Manufacturers ready to provide global supply of masks, wipes, sanitizer
PPE

When Surrey officials looked globally for pandemic personal protective equipment (PPE) only to find outfits like the CIA had taken it, they created an industry to meet the demand.

Now, Surrey businesses are supplying PPE, not only locally but globally, city economic development manager Stephen Wu said.

He told Union of B.C. Municipalities delegates Sept. 23 the city became aware of warehouses in China and Kenya with millions of SM N95 masks and attempted to get some.

But, he said, before they could finish the work, the U.S. spy agency and other organizations had cleared out those warehouses.

So, city staff put on their thinking caps and got to work, Wu said.

“We saw in COVID an opportunity to increase our business space,” Wu said.

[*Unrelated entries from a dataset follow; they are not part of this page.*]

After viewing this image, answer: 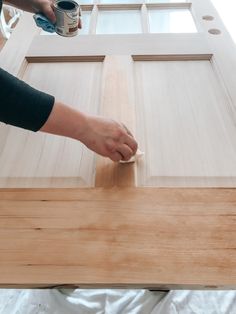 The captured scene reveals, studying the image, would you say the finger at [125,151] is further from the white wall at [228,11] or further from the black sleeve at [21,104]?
the white wall at [228,11]

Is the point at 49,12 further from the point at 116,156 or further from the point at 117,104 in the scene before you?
the point at 116,156

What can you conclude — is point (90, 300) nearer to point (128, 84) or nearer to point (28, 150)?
point (28, 150)

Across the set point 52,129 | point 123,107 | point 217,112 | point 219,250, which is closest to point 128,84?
point 123,107

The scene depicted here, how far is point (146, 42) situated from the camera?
0.93 m

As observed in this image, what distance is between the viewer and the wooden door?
43cm

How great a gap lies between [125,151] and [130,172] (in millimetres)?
43

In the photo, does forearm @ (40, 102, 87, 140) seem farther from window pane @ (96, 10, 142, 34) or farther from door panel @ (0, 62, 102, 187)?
window pane @ (96, 10, 142, 34)

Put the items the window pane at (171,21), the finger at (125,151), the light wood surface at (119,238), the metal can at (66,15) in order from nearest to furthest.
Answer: the light wood surface at (119,238)
the finger at (125,151)
the metal can at (66,15)
the window pane at (171,21)

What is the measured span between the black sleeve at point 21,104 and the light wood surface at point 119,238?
13 cm

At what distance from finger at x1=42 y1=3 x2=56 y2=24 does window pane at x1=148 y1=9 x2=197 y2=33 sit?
372mm

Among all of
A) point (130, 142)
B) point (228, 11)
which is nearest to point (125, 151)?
point (130, 142)

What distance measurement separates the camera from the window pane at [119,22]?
41.1 inches

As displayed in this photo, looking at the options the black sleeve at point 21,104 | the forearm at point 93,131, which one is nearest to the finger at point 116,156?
the forearm at point 93,131

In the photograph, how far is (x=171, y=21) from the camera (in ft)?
3.55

What they found was that many local companies had the ability to produce PPE.

As of mid-September, he said, companies had produced more than $10 million worth of masks, gowns, sanitizer and other supplies.

Soon, there will be three companies making the N95 masks, he said. They could be producing a million masks a month.

He said 25 manufacturers are producing or are retooling to produce PPE. It’s an opportunity that has created 145 jobs with $5 million in private capital investment so far.

The economic output from just this one opportunity over the past four or five months has just been astronomical,” Wu said.

He spoke as part of a panel on which municipal economic development officers shared success stories and lessons learned from the pandemic.

“Creativity is critical,” Campbell River economic development officer Rose Klukas said.